Required action – Would you repeat word for word the lines of the listing that follows, from the one with "Squeaky Platform Boots On My Bed" up to and including the one with "THS football 7", and leave out the images?

*** Opening of Data ***

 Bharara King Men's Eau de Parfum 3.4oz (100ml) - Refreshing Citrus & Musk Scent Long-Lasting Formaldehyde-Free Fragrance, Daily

*** Close of Data ***
*** Opening of Data ***

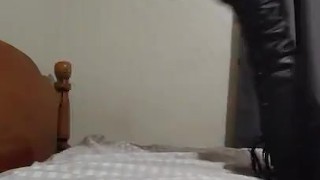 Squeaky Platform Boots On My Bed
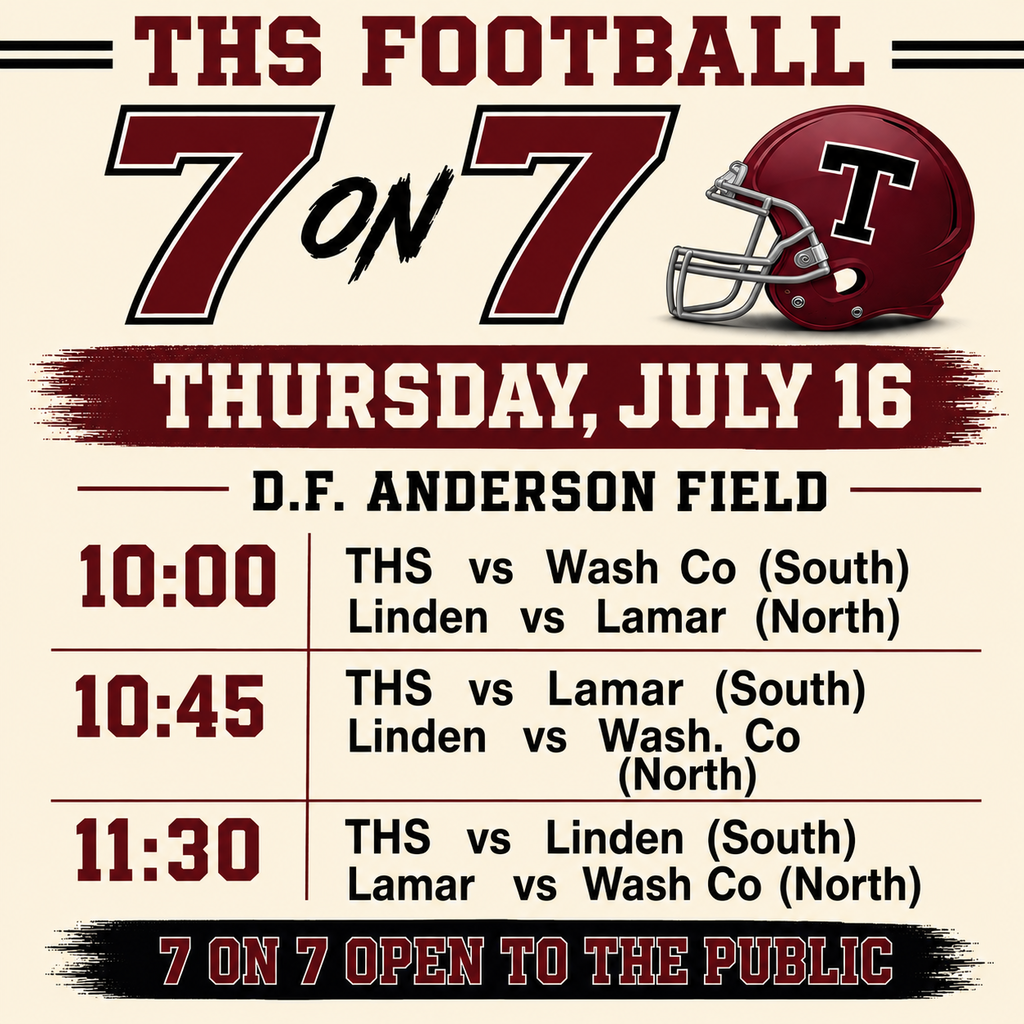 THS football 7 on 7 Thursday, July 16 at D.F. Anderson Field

*** Close of Data ***

Task answer –
 Squeaky Platform Boots On My Bed
 THS football 7 on 7 Thursday, July 16 at D.F. Anderson Field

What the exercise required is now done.